Jakarta – Indonesia's president said on Tuesday that stabilising the world's most populous Muslim nation, rocked by devastating bomb attacks on Bali island last October, would be a top priority for her in 2003.
In a year-end speech broadcast on television, Megawati Sukarnoputri said a landmark peace deal for restive Aceh was still "very fragile", while a key aim would be to cool separatist demands in Papua, Indonesia's other rebellious province.
The Bali bomb blasts were carried out by militant Indonesian Muslims and killed nearly 200 people, mainly foreign tourists. The atrocity was the worst terror attack since last year's September 11 suicide attacks on New York and Washington.
Megawati said police had successfully cracked the network responsible for the bombings and had gathered preliminary evidence and convincing confessions.

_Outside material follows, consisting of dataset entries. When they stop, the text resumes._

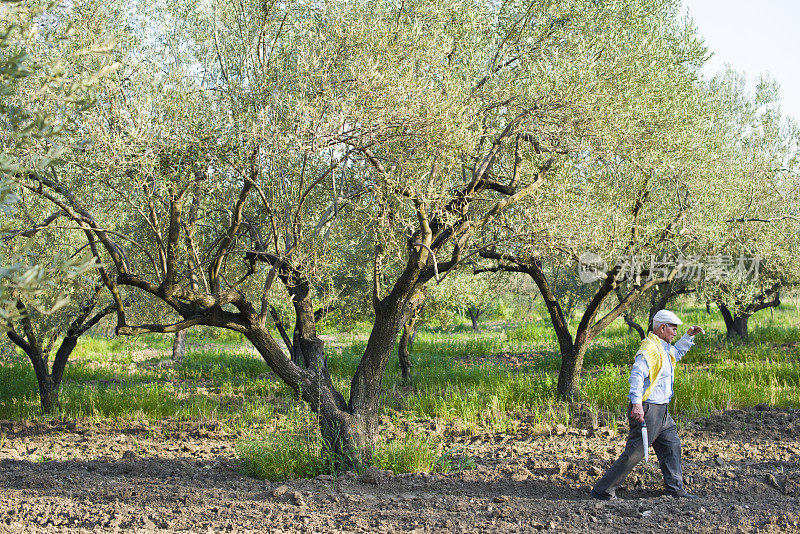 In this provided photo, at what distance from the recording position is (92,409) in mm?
9992

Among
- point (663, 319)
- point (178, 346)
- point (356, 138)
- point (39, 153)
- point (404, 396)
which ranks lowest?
point (404, 396)

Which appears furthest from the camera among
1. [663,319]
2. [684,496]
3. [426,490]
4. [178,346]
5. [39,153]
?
[178,346]

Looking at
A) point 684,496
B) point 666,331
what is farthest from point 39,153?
point 684,496

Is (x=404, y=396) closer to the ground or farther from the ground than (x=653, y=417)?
closer to the ground

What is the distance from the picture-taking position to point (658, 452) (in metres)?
5.67

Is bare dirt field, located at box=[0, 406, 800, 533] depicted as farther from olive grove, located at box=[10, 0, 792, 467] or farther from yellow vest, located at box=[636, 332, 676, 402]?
olive grove, located at box=[10, 0, 792, 467]

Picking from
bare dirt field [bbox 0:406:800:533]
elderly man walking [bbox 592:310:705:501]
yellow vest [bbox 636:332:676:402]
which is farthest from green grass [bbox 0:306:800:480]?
yellow vest [bbox 636:332:676:402]

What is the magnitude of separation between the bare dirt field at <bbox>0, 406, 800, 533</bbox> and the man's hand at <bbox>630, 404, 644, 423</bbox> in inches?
26.4

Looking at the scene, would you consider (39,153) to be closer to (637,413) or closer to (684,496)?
(637,413)

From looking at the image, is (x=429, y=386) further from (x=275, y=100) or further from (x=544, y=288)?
(x=275, y=100)

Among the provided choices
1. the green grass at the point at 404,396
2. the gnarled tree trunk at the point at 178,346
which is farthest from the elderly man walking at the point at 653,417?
the gnarled tree trunk at the point at 178,346

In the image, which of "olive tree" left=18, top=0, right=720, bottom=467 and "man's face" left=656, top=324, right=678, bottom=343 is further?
"olive tree" left=18, top=0, right=720, bottom=467

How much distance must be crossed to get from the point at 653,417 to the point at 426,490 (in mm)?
2142

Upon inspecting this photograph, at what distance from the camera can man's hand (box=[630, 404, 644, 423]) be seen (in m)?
5.27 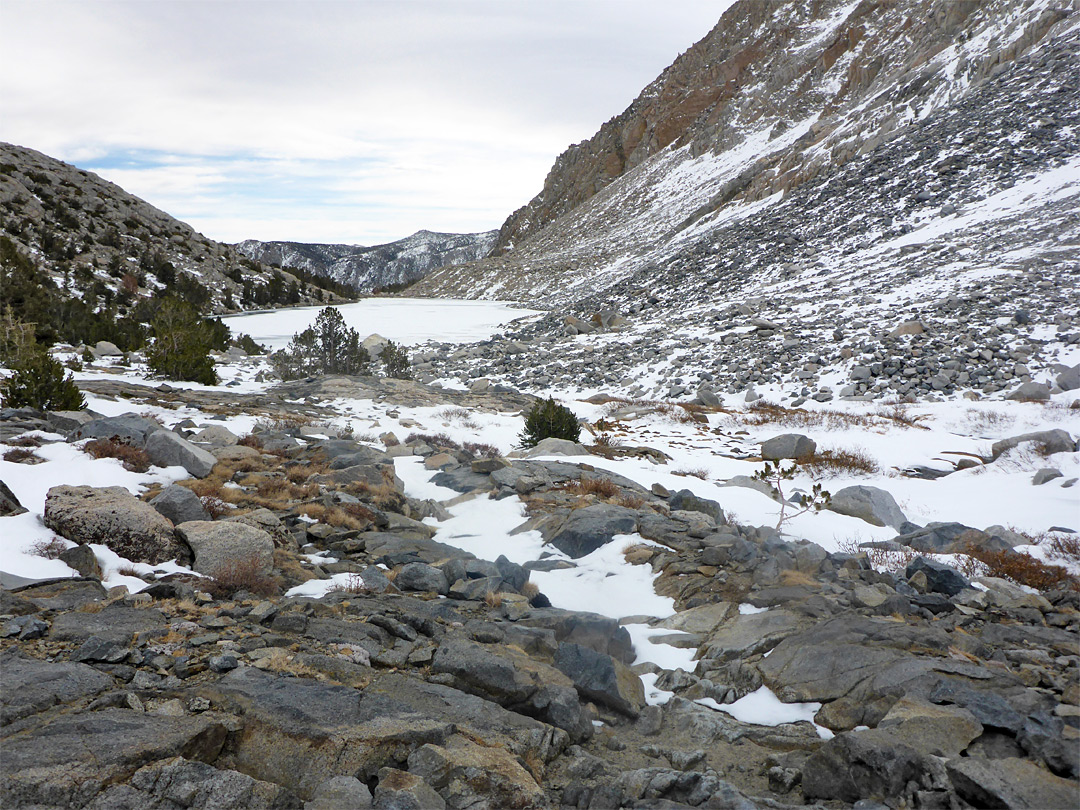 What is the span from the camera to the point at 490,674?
13.6 ft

"We hope this terrorist network can be uncovered to its deepest roots," Megawati said in her pre-recorded address.
Indonesia has arrested more than 20 Indonesians suspected of links to the atrocity. Many have ties to Jemaah Islamiah, a regional network of militant Muslims.
Megawati is in Bali for New Year's Eve events on the island, and is due to give a separate, short speech just before midnight.
In her address broadcast on TV, Megawati said little else about the Bali attacks, and did not refer to the problem of Islamic militancy in Indonesia, which has fuelled perceptions abroad that religious extremism is taking hold.
The president said 2002 was marked by some successes on the security front, such as Jakarta's ability to calm unrest in the Molucca islands and the Poso region in the country's east.
While the December 9 Aceh peace deal had been lauded, it was still the first step in a complicated process to resolving Aceh's woes and trust needed to be built for it to stick, she said.
There has been a reduction in clashes between soldiers and rebels of the Free Aceh Movement since the accord for the staunchly Muslim province on Indonesia's northwestern tip was signed, although some fighting has still broken out.
"I am aware that the conditions that cover this first step are very fragile," she said of the peace deal.
"Long-rooted disappointment, fears and anger have fuelled hatred and enmity among us. Logically, only if we can cool that attitude of enmity can we find an even better settlement." She said the government wanted to build stronger foundations next year for resolving independence demands in Papua, a largely Christian and animist province in the east. Megawati added that she did not want Papua to become a problem on the scale of Aceh.
A low-level guerrilla conflict has simmered in Papua for decades, unlike Aceh where the independence war has killed more than 10,000 people since the mid-1970s.
But Megawati said a special autonomy package for Papua, unveiled last year, would be the basis of any settlement.